Provided data >>
════════

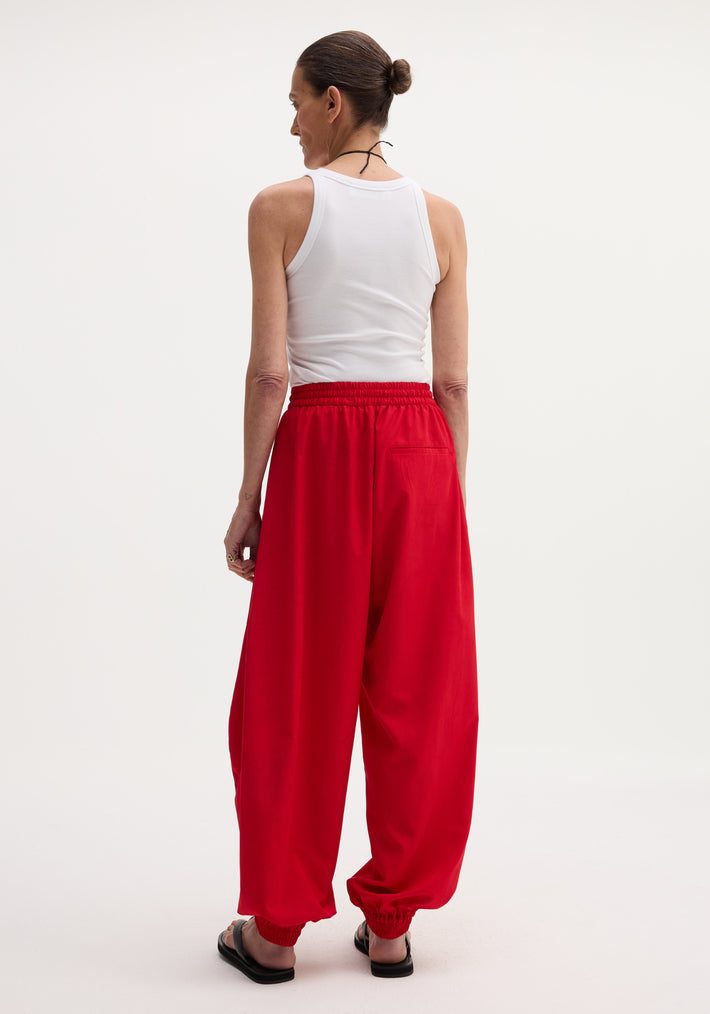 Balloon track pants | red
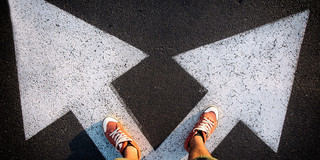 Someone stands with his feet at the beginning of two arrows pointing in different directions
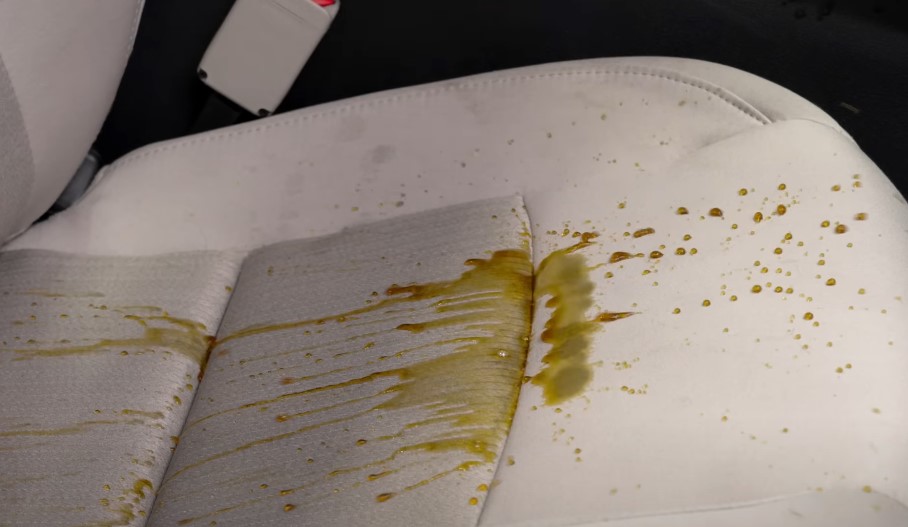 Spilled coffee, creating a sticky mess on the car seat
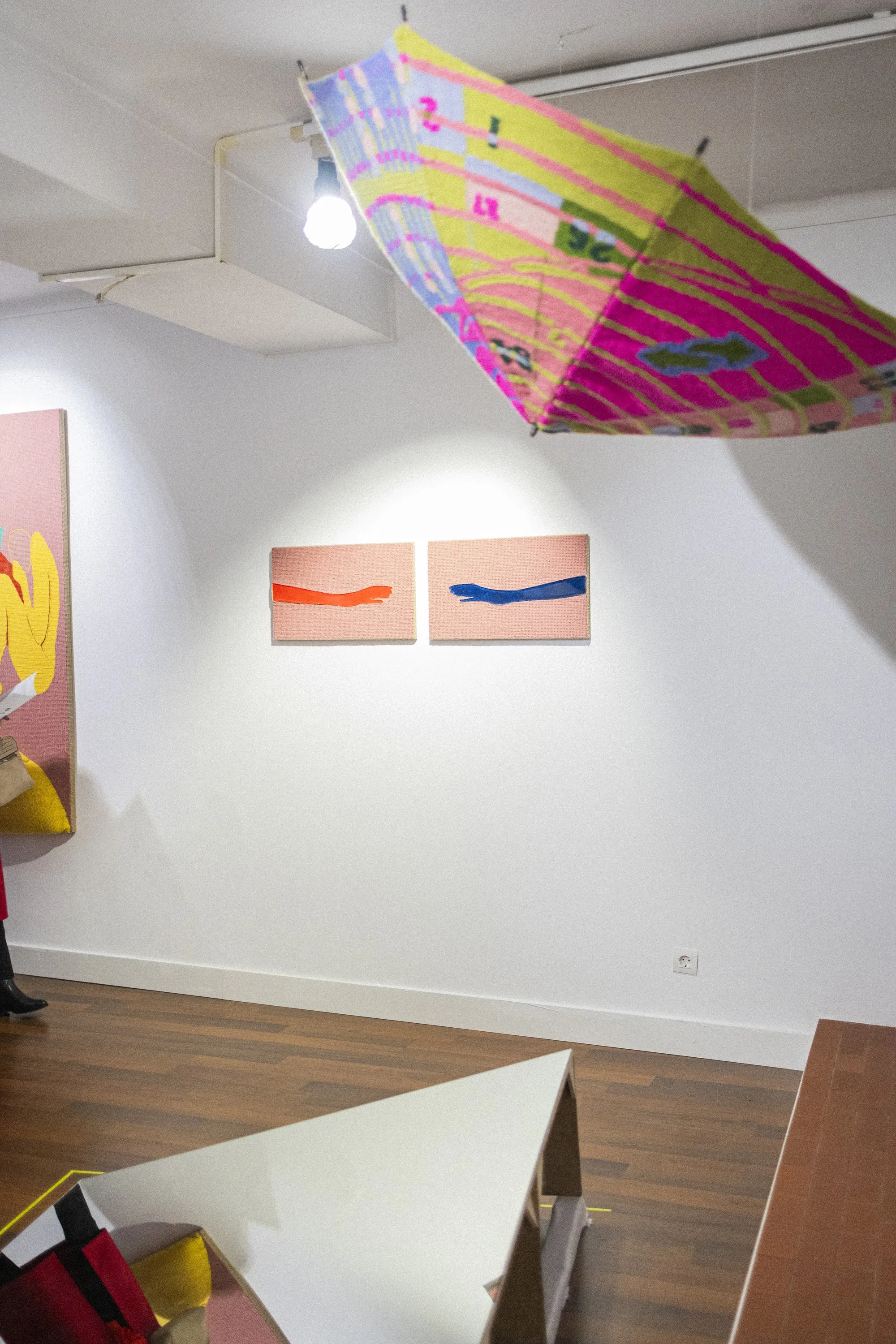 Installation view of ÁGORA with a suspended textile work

════════

What you need to do >>
Give back exactly the lines from the one containing "Someone stands with" through the last line above, both included, and none of the pictures.

Answer box >>
 Someone stands with his feet at the beginning of two arrows pointing in different directions
 Spilled coffee, creating a sticky mess on the car seat
 Installation view of ÁGORA with a suspended textile work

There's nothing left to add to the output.